Accurate image monitoring, of course, is central to working Mann’s preferred way. Canning arranged two monitoring systems to allow maximum collaboration on set. First, Mann was set up with a personal 24in. Cine-tal LCD monitor, and then a Sony BVM-D24E1WE CRT monitor was positioned in a tent for the full team to view.

“The Cine-tal is difficult to share—only one person can consume it at a time,” Canning says. “Your head has to be right in the middle of it because it’s LCD and can’t be off-axis. But in a tent, the grip, gaffer, DP, [digital imaging technician], and others also needed to see the images, and for those situations, there is no better monitor than a [high-end] CRT. ... Having [the two monitors] together was the best way to do it. We had a monitor that was real stable for light output and color temperature, including through temperature swings, and then, next to it, a monitor that everyone in the tent could see at the same time.”
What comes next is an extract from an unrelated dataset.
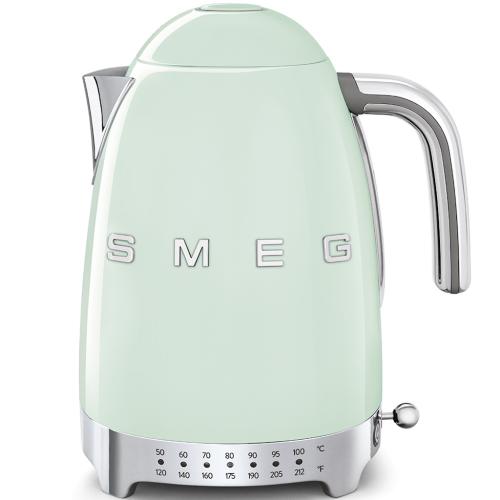 Smeg KLF04PGUS Kettle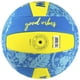 thumbnail image 3 of Balón Vóleibol Playa Bv354tv Calipso, 3 of 3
Mann says he had more on-set control this time around than he has ever had over digitally acquired imagery for a feature film. “With that high-def monitor, if I think something is too red, I’ll ask Dave Canning to pull back on it, or I might make a determination that I like a certain flatness, but we are picking up a bit of noise, so I might tell him to push it,” he says. “Or it might be low-contrast and I’ll want to add some noise or add some reds in, particularly between the blacks and the low mid-range. During shooting, if I decide such things, we can rough it in and take real advantage of it.”